Speech is free, don’t fight it, tech cos. sourcing own power and other commentary

From the left: Speech Is Free, Don’t Fight It

“An alphabet soup of enforcement agencies” is doing its best to censor Americans, thunders Racket’s Matt Taibbi — even as political elites argue “they need to be free of” the First Amendment because it empowers “obstacles to consensus.” But “m- - - - - - - - ker, I’m an American,” and Americans must pay no mind to “the Michael Haydens, John Brennans, James Clappers, Mike McFauls and Rick Stengels who make up America’s self-appointed behavior police.” “Speech is free. Trying to stop it is like catching butterflies with a hammer,” a “fool’s errand.” Our censors “have one idea, not even an idea but a sensation: fear.” And their “end game is not controlling speech. They’re already doing that. The endgame is getting us to forget we ever had anything to say.”

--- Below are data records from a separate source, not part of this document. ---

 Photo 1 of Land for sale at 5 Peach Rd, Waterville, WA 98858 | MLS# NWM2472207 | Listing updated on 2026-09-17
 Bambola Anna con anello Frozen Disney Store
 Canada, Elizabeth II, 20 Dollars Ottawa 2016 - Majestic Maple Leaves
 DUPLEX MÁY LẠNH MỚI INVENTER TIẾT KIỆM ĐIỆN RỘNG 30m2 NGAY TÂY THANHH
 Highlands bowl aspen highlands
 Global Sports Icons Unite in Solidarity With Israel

Eye on energy: Tech Cos. Sourcing Own Power

Microsoft’s deal with “Constellation Energy for a direct electricity supply from the Three Mile Island nuclear plant” underscores Big Tech “anxiety about securing a sufficient flow of power,” amid “environmentalists’ clamor for green policies,” warns the Washington Examiner’s Callie Patteson. Data centers’ need for electricity may double by 2030 to “more than 9% of all electricity generated nationwide” — even as “the market is being squeezed” by “the Biden-Harris administration’s extreme climate goals,” including “its push” for “electric vehicles and stoves” as well as “the closing of coal plants” and “rollback of natural gas production.” Add in “concerns of grid reliability,” and tech firms may have no choice but to acquire their own power plants, as with Amazon’s deal “to buy the decades-old Susquehanna nuclear plant in Pennsylvania.”

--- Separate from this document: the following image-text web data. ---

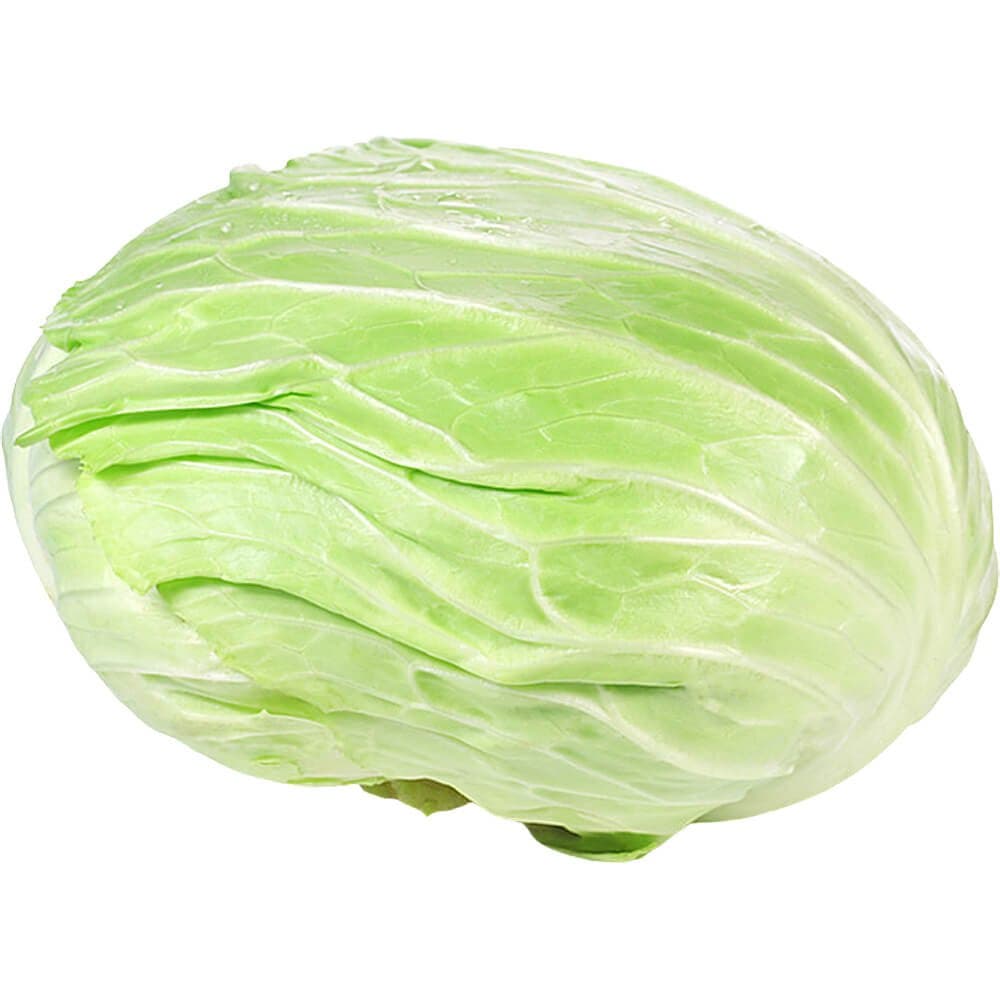 Cabbage White Flat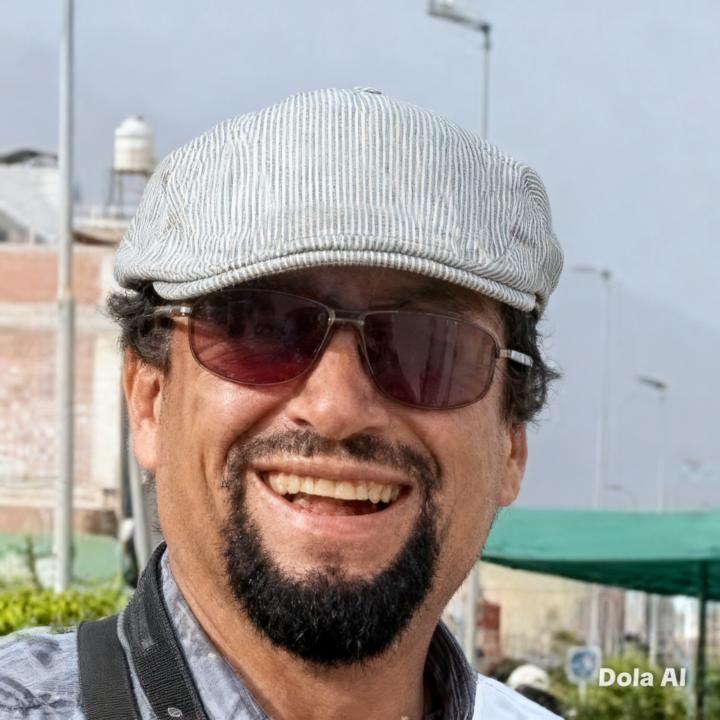 Juan Fuentes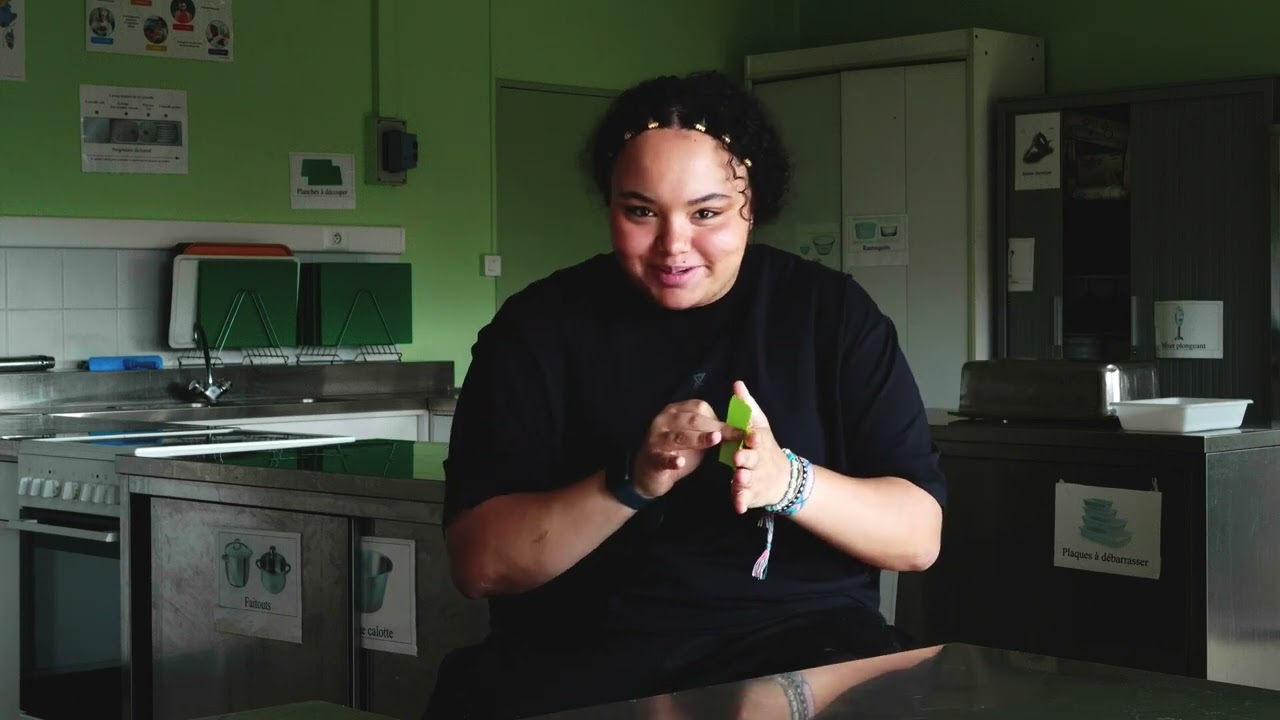 SEGPA CQUE TU CROIS - FCP Lambersart Canteleu Braille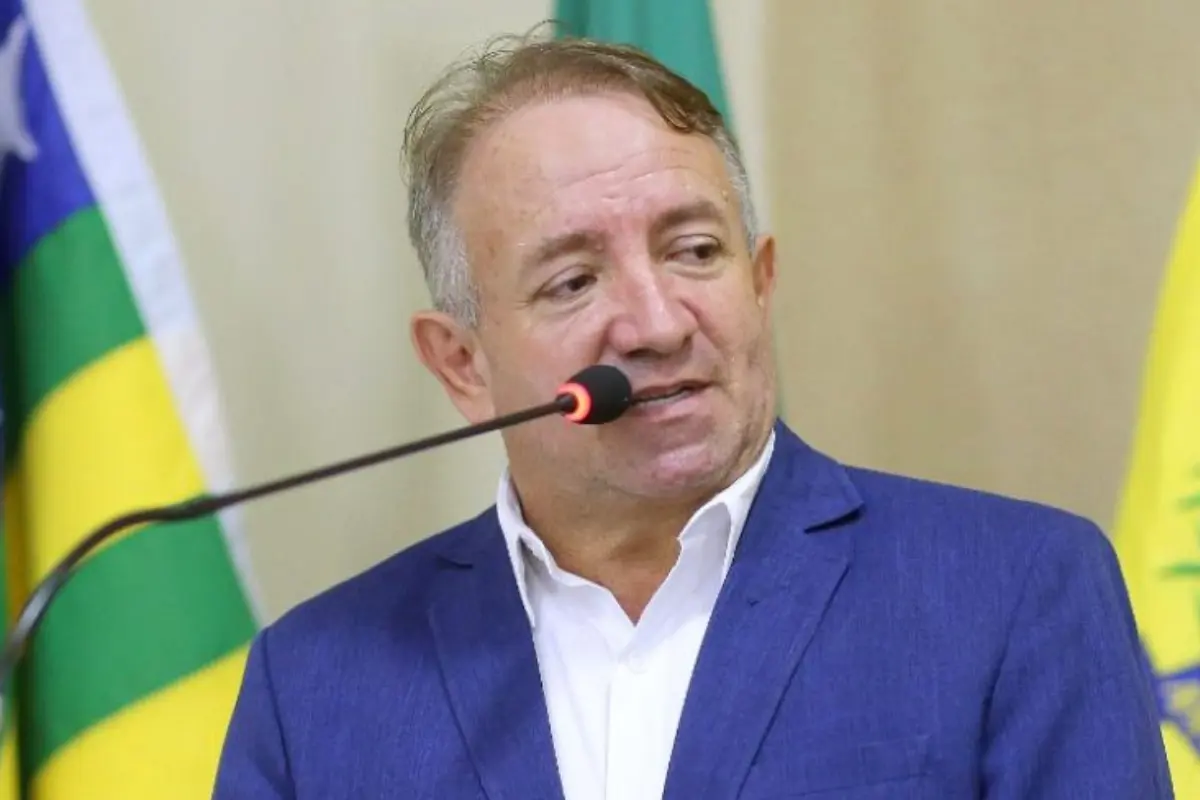 Ex-prefeito e ex-secretário de Aparecida são investigados pela PF no caso Master, diz CNN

Media watch: Ignoring Hez’s Existential Threat

Hezbollah leader Hassan Nasrallah’s death Friday “exposes the glaring omission in most of the media coverage of the conflict,” fumes Daniel Ben-Ami at Spiked. “Few outlets seem willing to recognise the fact that Israel faces an annihilationist threat from the Iran-backed terrorist group,” instead painting “a picture of Israel as a malign, irrational actor wilfully slaughtering innocent civilians.” In its foundational document, Hezbollah states “that its goal is the obliteration of Israel.” It “is probably best seen as a terrorist organisation with the capabilities of a regular army.” And: “While much of the media downplay or refuse to acknowledge [its] annihilationist intent, Israel cannot afford to be so complacent.”

From the right: James’ Ill-Fated Lawfare Games

“The political success of [New York Attorney General Letitia] James in weaponizing her office has been in stark contrast with her legal setbacks in courts,” notes Jonathan Turley at The Hill. “James is best known for her fraud case against Trump,” but “in appellate arguments [last] week, James’s office faced openly skeptical justices who raised the very arguments that some of us have made for years about the ludicrous fine imposed by Judge Arthur Engoron.” And “in the same week, James faced a stinging defeat in” her case targeting “pro-life organizations for spreading supposed ‘disinformation,’ ” when “Judge John Sinatra Jr. blocked James’s crackdown as a denial of free speech.” The attorney general “has converted the New York legal system into a series of thrill-kills,” but for some judges, “the thrill may be gone.”

Legal beat: Big Holes in Adams Indictment?

“Indicting the mayor of New York is a big deal” — yet “the bribery charges against Eric Adams fail to match the hype,” argue James Burnham & Yaakov Roth at The Wall Street Journal. The feds must “prove an agreement to furnish concrete exercises of actual governmental power — such as awarding contracts, casting votes or vetoing legislation — to sustain a bribery charge.” In Adams’ case, “the indictment spends many paragraphs discussing benefits received” but is “light on official actions promised in return.” There’s no quid pro quo, only “a story of campaign donors and benefactors who received enhanced access and attention from an elected official. That fact pattern could hardly be more routine.”